Las elecciones de noviembre, sobre la base del sistema proporcional de Victor D´Hont, estuvieron marcadas por el fin al sistema de sólo dos combinaciones políticas, propias del sistema binominal. Si retornamos al sistema multipartidista, con 17 partidos políticos de representación parlamentaria –al igual que en 1957, en el período de Ibáñez del Campo – un poco menos del récord de 25 partidos políticos de 1950 – durante el gobierno de González Videla – se hace más complicado para el Ejecutivo su relación con los distintos partidos políticos.
A diferencia del período republicano, hoy no existen partidos políticos que puedan ser identificados con el centro político. Sabemos que los Partidos Radical y Democracia Cristiana están reducidos a su mínima expresión parlamentaria, y Ciudadanos y Amplitud carecen de dicha representación. En centro político hoy corresponde a otra definición político-sociológica, al corresponder a las capas emergentes y aspiracionales, que han aprovechado muy bien del correo del crecimiento económico del país – hay que admitir que Piñera captó mejor esta realidad que Guillier y supo aprovecharla en su propio beneficio -.
Nos encontramos muy lejos del sistema de partidos políticos multipartidistas radicalizados, tal cual lo estudiara Giovanni Sartori. Si bien el centro político ha desaparecido, hay un centro social que juega un papel decisivo, no sólo en el campo electoral, sino también en la calle y en la opinión pública en general que, en el tiempo de Bachelet se opuso a la reforma educacional por terror de enviar a sus hijos a colegios de los “rotos”, en los establecimientos municipales – no podemos olvidar los carteles de las pobladoras que, entre otras consignas decían “querimos pagar”.
A diferencia de la época republicana, hoy los partidos políticos no tienen ninguna conexión con los movimientos sociales, pues son sólo cofradías de dirigentes que se reparten el poder, y únicamente viven del botín del Estado, razón por la cual en Chile es casi imposible ser oposición si no se cuenta con una póliza de seguro, como ocurrió en el gobierno de Sebastián Piñera, en que la Nueva Mayoría estaba segura de recuperar el poder con su líder, Michelle Bachelet; hoy por hoy, no hay póliza, y si la oposición lo hace tan mal como en el primer mandato de Piñera, es seguro que la derecha se afiance en el poder, al menos, por otro período más.

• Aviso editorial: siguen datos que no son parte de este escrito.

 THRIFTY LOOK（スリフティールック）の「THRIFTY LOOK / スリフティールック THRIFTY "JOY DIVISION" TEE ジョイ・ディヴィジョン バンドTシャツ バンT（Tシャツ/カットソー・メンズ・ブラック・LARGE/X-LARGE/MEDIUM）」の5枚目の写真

Es cierto que Piñera no la va a tener fácil, pues carece de mayoría en ambas Cámaras, sin embargo, puede comprarse fácilmente a los diputados del Partido Ecologista Verde, que son cuatro, que pueden inclinar la balanza; por otro lado hay algunos democratacristianos que, perfectamente, podrían apoyar al gobierno de Piñera, sobre la base de contraprestaciones, que favorezcan su reelección, por ejemplo, y a otras prebendas que irían en “beneficio” de sus clientes electores, (hay que recordar que la democracia chilena ha funcionado sobre la base del clientelismo electoral).
Nuestra historia política chilena ha funcionado sobre la v base de revoluciones electorales: en los años, con la ampliación del universo de electores, que permitieron el triunfo de Eduardo Frei Montalva y de Salvador Allende, y hoy, con la instauración del sistema proporcional.